While disparities in Internet use persist among racial and ethnic groups, smartphones appear to be helping to bridge the digital divide, according to a report issued by the U.S. Census Bureau.
The findings are part of the latest Census Bureau report, Computer and Internet Use in the United States: 2011, which provides analysis of computer and Internet use for households and individuals. The information comes from data collected as part of the Current Population Survey’s 2011 Computer and Internet Use Supplement, which was sponsored and funded by the National Telecommunications and Information Administration (NTIA).
The report also features a table that places users along a “connectivity continuum” and shows that a sizeable percentage of Internet users now make their online connections both inside and outside the home and from multiple devices.
“Going online is no longer a simple yes or no proposition,” said Thom File, the report’s author and a sociologist with the Census Bureau. “Different groups of people are accessing the Internet in very different ways, and these statistics give us a better understanding of how and where those connections are taking place.”

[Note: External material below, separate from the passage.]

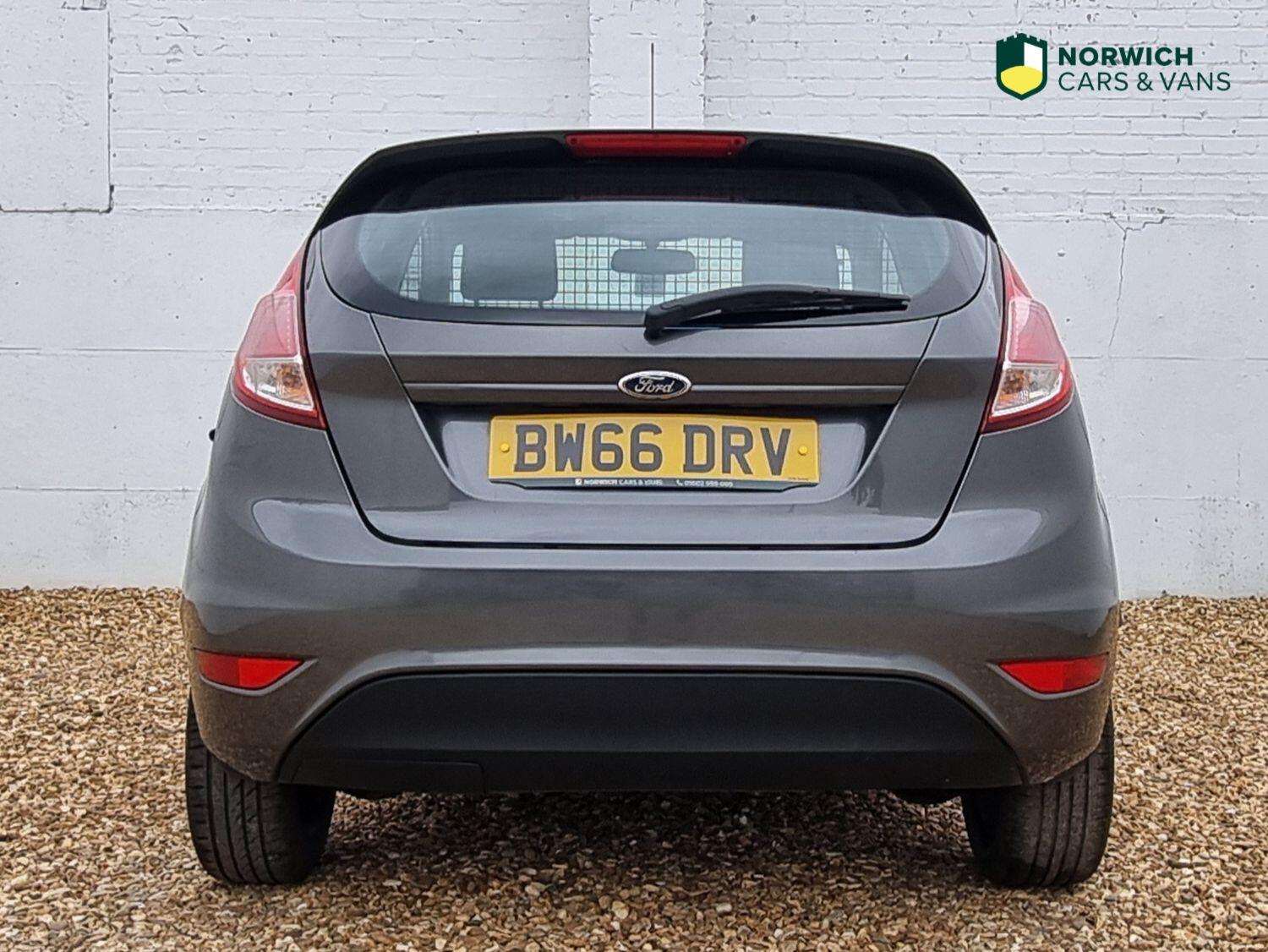 Used Ford Fiesta Van 2016 for sale - 76794172: Photo 32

According to the report, a gap of 27.1 percentage points exists between groups with the highest and lowest reported rates of home Internet use. Asians reported the highest use at 78.3 percent and Hispanics the lowest at 51.2 percent. However, the gap narrows to 17.5 percentage points when smartphone use is factored into overall rates of Internet use. With smartphones factored in, 83.0 percent of Asians and 65.5 percent of Hispanics reported going online.

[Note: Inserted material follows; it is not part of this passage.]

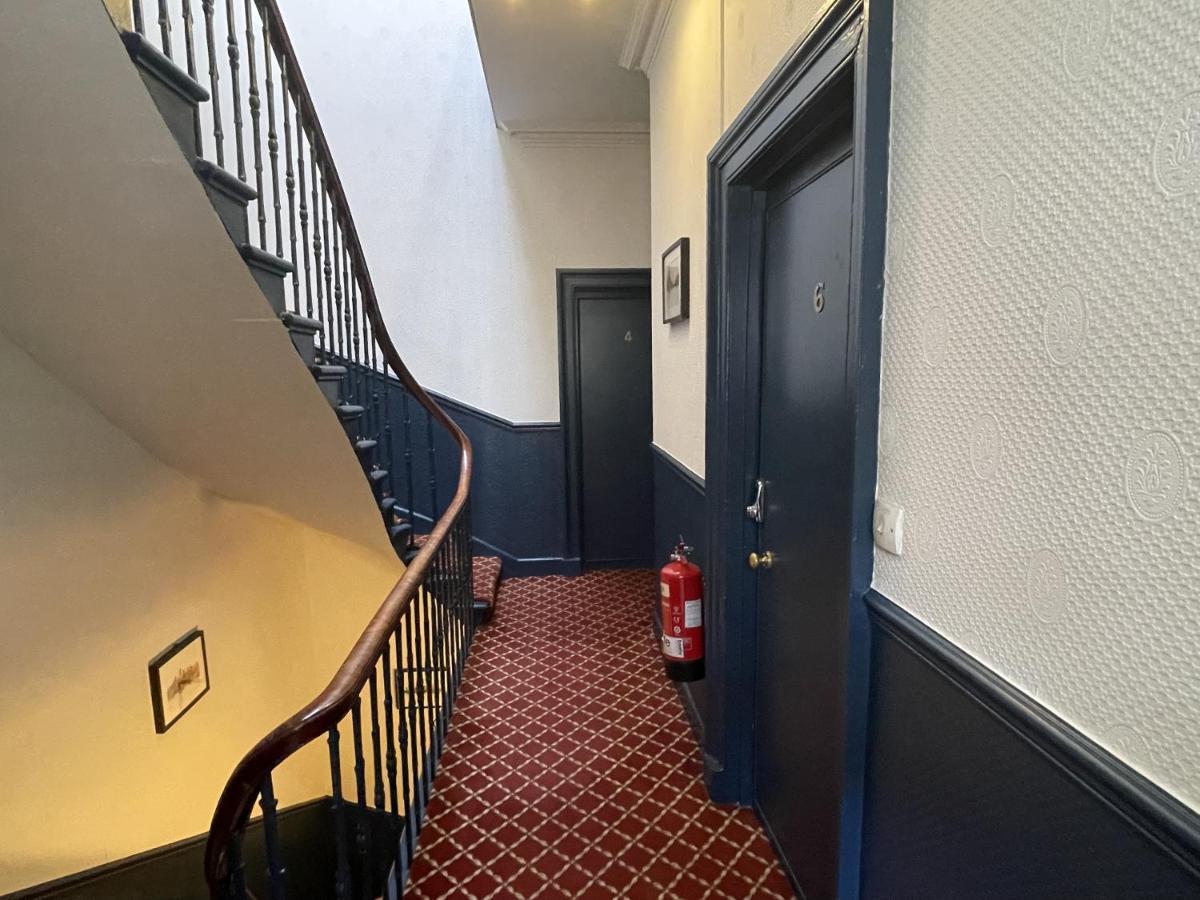 The Kingsview Townhouse - Boutique Hostel EDI Buitenkant foto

In terms of smartphone usage on its own, 51.6 percent of Asian respondents reported using a smartphone. About 48.0 percent of both white non-Hispanics and blacks reported smartphone use, and 45.4 percent of Hispanics said they used smartphones. The reported usage rates for blacks and Hispanics were not statistically different from each other. Overall, 48.2 percent of individuals 15 and older reported using a smartphone.
Household and Individual Internet Usage
Although disparities in Internet use for households persisted across race and Hispanic origin groups in 2011, they appear to be shrinking. In 2000, white non-Hispanic households were about twice as likely as black households to report Internet access (46.1 percent vs. 23.6 percent). By 2011, white non-Hispanic households were only about 1.3 times as likely as black households to report the same (76.2 percent vs. 56.9 percent).
Divides also existed for individual Internet use. About 75.0 percent of both non-Hispanic whites and Asians reported accessing the Internet from some location, compared with 60.3 percent of blacks and 54.4 percent of Hispanics. The estimates for non-Hispanic whites and Asians accessing the Internet are not significantly different.
In 2011, 71.7 percent of all households used the Internet, including 82.7 percent of Asian households, 76.2 percent of white non-Hispanic households, 58.3 percent of Hispanic households and 56.9 percent of black households.
As technology has changed and evolved over the years, people have seen an increase in the variety and number of ways they use computers and access the Internet. To explore this phenomenon further, the Census Bureau designed a scale to place individuals along a “connectivity continuum.”
The connectivity continuum shows variations in adoption of these technologies, ranging from people with no Internet connection or computer, to those connecting from multiple locations and devices.
In 2011, 27.0 percent of Americans connected to the Internet from multiple locations and multiple devices. These individuals were considered “high connectivity” users. On the other end of the connectivity continuum, individuals with no computer or Internet (15.9 percent) made up the second largest group. The remaining 57.1 percent of Americans were located somewhere between these two extremes.
Current Population Survey
The information was collected as part of a July 2011 supplement to the Current Population Survey, which asked a sample of approximately 54,000 households various questions about computer ownership, Internet use and mobile device usage.